Ihm fällt es überaus schwer, treu zu sein, denn es ergeht an ihn ständig die
»Einladung zum Verrat« an der Treue zugunsten des eigene Vorteils im
Augenblick. Wer ohne Hoffnung ist, bringt sich und/oder andere über kurz oder
lang um. Dies kann bisweilen
sehr langsam
geschehen, aber
auch ein langsamer Tod ist nichts Schönes. Ihm wird es letztlich
gleichgültig sein, was
er tut, und
da der Egoismus
in dieser Welt - sei er nun von hinterhältiger Art oder ganz einfach offen zur
Schau gestellt - eher prämiert
wird als das Tun des Guten, legt sich für ihn nur eine Richtung nahe, in der zu
handeln er fortfahren wird. Es ist einfach logisch, daß
derjenige, der keine Hoffnung hat, eine hohe
Bereitschaft zeigt,
sich bei
Gelegenheit auf ein rücksichtsloses Verhalten einzulassen. Tut er dies
nicht, so darf dies bereits als ein erstes Anzeichen dafür gelten, daß in
seinem Herzen die Hoffnung lebendig ist, die nicht zugrunde gehen läßt.

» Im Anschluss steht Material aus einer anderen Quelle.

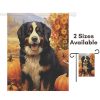 il 1000xN.5197404141 7og1 - Bernese Mountain Dog Shop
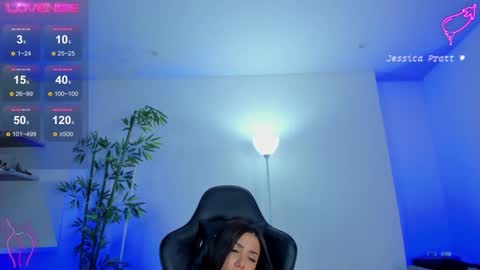  Jessica Pratt  IG jessicaxpratt online show from 13, 12, 2024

Wie kaum ein anderer hat Thomas von Aquin
diesen Zusammenhang zwischen Hoffnung und ethischem Handeln erkannt, wenn er im
13. Jahrhundert die denkwürdigen Sätze niederschreibt: »Die Hoffnung hält
uns vom Bösen zurück und motiviert uns, das Gute zu tun. Schwindet die
Hoffnung dahin, so
gleiten die
Menschen hemmungslos
in ein lasterhaftes
Leben ab
und werden vom Bemühen um das Gute zurückgehalten.«
Die
folgenden Analysen und Überlegungen verstehen sich als Suche nach einem tragfähigen
Grund der menschlichen Hoffnung auf einen letzten
Sinn
des Lebens, die
im übrigen ausnahmslos
allen Menschen ans Herz gelegt ist. Denn nur wenn wirklich Grund
zur Hoffnung besteht, ist auch eine hinreichende Motivation vorhanden, das Gute
zu tun, und zwar unbedingt, d. h. unter allen Umständen, auch dann noch, wenn -
wie Frank Gerbert mit Verweis auf die deutsche Prominenz formuliert - schlechte
Beispiele »die Motivation zur eigenen Tugendhaftigkeit [trüben]«. [...]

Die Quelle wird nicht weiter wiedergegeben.